What you have to do: Scan the records below. Copy every line in which the word "Exterior" appears.

Data:

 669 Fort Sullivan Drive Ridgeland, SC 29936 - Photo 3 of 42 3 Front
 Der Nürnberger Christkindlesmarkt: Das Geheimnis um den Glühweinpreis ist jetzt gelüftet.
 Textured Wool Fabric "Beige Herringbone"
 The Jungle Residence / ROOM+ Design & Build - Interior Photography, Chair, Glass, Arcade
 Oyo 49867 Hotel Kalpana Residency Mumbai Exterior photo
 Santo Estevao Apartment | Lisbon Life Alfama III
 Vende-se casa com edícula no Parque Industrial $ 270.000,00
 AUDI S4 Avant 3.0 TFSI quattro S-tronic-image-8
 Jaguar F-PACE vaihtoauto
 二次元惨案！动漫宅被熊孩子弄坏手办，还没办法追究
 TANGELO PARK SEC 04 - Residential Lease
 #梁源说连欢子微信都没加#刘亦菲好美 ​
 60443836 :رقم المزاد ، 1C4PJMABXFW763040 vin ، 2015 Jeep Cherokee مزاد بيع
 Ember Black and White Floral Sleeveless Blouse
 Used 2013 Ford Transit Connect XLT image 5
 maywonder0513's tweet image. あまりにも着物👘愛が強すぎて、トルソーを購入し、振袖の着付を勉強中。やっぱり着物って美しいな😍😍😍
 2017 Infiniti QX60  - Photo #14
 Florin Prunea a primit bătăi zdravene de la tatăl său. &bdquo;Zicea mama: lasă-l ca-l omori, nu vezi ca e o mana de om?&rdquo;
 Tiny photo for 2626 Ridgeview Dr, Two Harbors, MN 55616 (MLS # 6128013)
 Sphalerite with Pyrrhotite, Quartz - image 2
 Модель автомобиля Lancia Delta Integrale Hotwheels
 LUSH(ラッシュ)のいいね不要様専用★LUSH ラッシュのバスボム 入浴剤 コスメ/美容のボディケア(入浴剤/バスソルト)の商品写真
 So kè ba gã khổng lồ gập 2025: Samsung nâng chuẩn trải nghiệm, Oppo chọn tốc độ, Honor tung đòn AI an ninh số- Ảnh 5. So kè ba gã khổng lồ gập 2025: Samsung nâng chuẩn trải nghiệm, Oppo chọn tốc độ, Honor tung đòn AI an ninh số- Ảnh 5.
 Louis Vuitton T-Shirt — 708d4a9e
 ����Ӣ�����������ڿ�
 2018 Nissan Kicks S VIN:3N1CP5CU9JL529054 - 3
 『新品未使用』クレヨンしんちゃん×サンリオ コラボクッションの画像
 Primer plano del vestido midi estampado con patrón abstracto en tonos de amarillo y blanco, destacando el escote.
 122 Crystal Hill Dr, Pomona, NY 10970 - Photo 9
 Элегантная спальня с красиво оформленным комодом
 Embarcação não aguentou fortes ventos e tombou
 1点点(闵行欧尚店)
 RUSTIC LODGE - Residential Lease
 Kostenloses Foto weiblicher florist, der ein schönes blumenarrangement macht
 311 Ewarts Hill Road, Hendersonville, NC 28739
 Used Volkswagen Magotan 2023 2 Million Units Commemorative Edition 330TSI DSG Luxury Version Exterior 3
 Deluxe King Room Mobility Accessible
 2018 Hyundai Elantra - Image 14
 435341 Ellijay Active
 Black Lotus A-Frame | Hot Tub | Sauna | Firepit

Final answer:
 Oyo 49867 Hotel Kalpana Residency Mumbai Exterior photo
 Used Volkswagen Magotan 2023 2 Million Units Commemorative Edition 330TSI DSG Luxury Version Exterior 3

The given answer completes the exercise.